**Provided data**:

══════

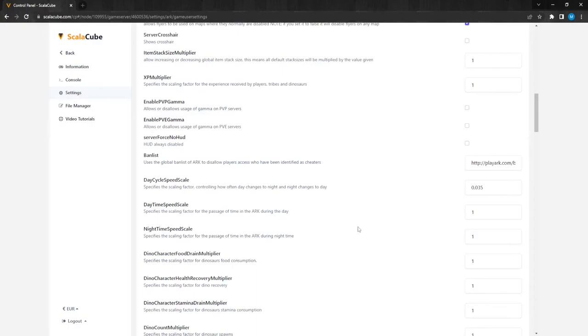Nighttime Speed Scale setting controls the passage of time during the night. It determines the length of each night. Lowering it will increase the length of the night.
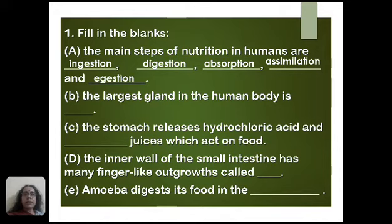absorption, assimilation, and ejection. These are the five steps involved in human nutrition. The next question is: the largest gland in the human body is blank. The answer is liver — liver is the largest gland in the human body.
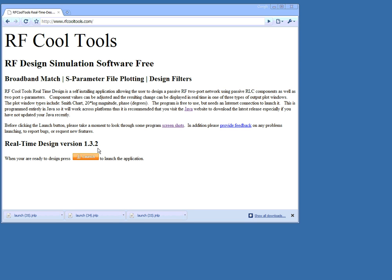RF Cool Tools, real-time design of a low-pass filter and optimization of that filter. We launch the program from the website.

══════

Copy the listing above in full and exactly, but omit each picture that it holds.

**Solved exercise**:
Nighttime Speed Scale setting controls the passage of time during the night. It determines the length of each night. Lowering it will increase the length of the night.
absorption, assimilation, and ejection. These are the five steps involved in human nutrition. The next question is: the largest gland in the human body is blank. The answer is liver — liver is the largest gland in the human body.
RF Cool Tools, real-time design of a low-pass filter and optimization of that filter. We launch the program from the website.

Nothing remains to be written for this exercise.